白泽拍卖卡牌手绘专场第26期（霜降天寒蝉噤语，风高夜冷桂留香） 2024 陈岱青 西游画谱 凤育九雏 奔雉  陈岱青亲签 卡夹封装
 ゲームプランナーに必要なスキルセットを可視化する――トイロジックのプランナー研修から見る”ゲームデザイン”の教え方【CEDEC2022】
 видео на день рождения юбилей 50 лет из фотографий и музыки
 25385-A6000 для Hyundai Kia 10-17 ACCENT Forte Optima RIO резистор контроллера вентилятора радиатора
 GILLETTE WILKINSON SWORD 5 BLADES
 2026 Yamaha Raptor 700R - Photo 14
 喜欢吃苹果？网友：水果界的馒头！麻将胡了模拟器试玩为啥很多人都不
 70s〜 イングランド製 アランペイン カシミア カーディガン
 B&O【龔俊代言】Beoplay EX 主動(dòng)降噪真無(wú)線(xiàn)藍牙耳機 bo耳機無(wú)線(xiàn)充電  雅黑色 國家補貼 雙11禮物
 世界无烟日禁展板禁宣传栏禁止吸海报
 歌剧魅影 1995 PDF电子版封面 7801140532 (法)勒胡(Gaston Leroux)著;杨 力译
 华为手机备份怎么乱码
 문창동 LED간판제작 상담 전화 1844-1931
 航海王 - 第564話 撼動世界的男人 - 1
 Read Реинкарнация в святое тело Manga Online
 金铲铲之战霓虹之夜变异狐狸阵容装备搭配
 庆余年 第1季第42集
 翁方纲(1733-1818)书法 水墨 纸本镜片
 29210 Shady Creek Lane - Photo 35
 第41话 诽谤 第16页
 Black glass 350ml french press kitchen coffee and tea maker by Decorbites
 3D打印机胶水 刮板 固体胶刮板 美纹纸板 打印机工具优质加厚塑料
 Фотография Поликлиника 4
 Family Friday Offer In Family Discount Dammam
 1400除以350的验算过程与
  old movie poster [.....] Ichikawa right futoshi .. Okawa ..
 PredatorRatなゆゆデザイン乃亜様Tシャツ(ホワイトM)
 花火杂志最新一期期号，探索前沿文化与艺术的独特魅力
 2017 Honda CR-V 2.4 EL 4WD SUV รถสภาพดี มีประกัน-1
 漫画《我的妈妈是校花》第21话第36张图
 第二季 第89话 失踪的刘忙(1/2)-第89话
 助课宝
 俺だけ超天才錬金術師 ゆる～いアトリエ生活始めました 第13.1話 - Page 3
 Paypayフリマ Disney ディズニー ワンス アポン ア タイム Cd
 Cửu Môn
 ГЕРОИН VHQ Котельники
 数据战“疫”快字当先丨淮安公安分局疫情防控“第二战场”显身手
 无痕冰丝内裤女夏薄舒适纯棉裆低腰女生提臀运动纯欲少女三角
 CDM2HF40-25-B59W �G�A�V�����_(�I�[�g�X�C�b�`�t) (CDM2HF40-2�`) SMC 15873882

****************

Task to complete: A faithful, complete reproduction of the listing above is requested.

Answer section:
白泽拍卖卡牌手绘专场第26期（霜降天寒蝉噤语，风高夜冷桂留香） 2024 陈岱青 西游画谱 凤育九雏 奔雉  陈岱青亲签 卡夹封装
 ゲームプランナーに必要なスキルセットを可視化する――トイロジックのプランナー研修から見る”ゲームデザイン”の教え方【CEDEC2022】
 видео на день рождения юбилей 50 лет из фотографий и музыки
 25385-A6000 для Hyundai Kia 10-17 ACCENT Forte Optima RIO резистор контроллера вентилятора радиатора
 GILLETTE WILKINSON SWORD 5 BLADES
 2026 Yamaha Raptor 700R - Photo 14
 喜欢吃苹果？网友：水果界的馒头！麻将胡了模拟器试玩为啥很多人都不
 70s〜 イングランド製 アランペイン カシミア カーディガン
 B&O【龔俊代言】Beoplay EX 主動(dòng)降噪真無(wú)線(xiàn)藍牙耳機 bo耳機無(wú)線(xiàn)充電  雅黑色 國家補貼 雙11禮物
 世界无烟日禁展板禁宣传栏禁止吸海报
 歌剧魅影 1995 PDF电子版封面 7801140532 (法)勒胡(Gaston Leroux)著;杨 力译
 华为手机备份怎么乱码
 문창동 LED간판제작 상담 전화 1844-1931
 航海王 - 第564話 撼動世界的男人 - 1
 Read Реинкарнация в святое тело Manga Online
 金铲铲之战霓虹之夜变异狐狸阵容装备搭配
 庆余年 第1季第42集
 翁方纲(1733-1818)书法 水墨 纸本镜片
 29210 Shady Creek Lane - Photo 35
 第41话 诽谤 第16页
 Black glass 350ml french press kitchen coffee and tea maker by Decorbites
 3D打印机胶水 刮板 固体胶刮板 美纹纸板 打印机工具优质加厚塑料
 Фотография Поликлиника 4
 Family Friday Offer In Family Discount Dammam
 1400除以350的验算过程与
  old movie poster [.....] Ichikawa right futoshi .. Okawa ..
 PredatorRatなゆゆデザイン乃亜様Tシャツ(ホワイトM)
 花火杂志最新一期期号，探索前沿文化与艺术的独特魅力
 2017 Honda CR-V 2.4 EL 4WD SUV รถสภาพดี มีประกัน-1
 漫画《我的妈妈是校花》第21话第36张图
 第二季 第89话 失踪的刘忙(1/2)-第89话
 助课宝
 俺だけ超天才錬金術師 ゆる～いアトリエ生活始めました 第13.1話 - Page 3
 Paypayフリマ Disney ディズニー ワンス アポン ア タイム Cd
 Cửu Môn
 ГЕРОИН VHQ Котельники
 数据战“疫”快字当先丨淮安公安分局疫情防控“第二战场”显身手
 无痕冰丝内裤女夏薄舒适纯棉裆低腰女生提臀运动纯欲少女三角
 CDM2HF40-25-B59W �G�A�V�����_(�I�[�g�X�C�b�`�t) (CDM2HF40-2�`) SMC 15873882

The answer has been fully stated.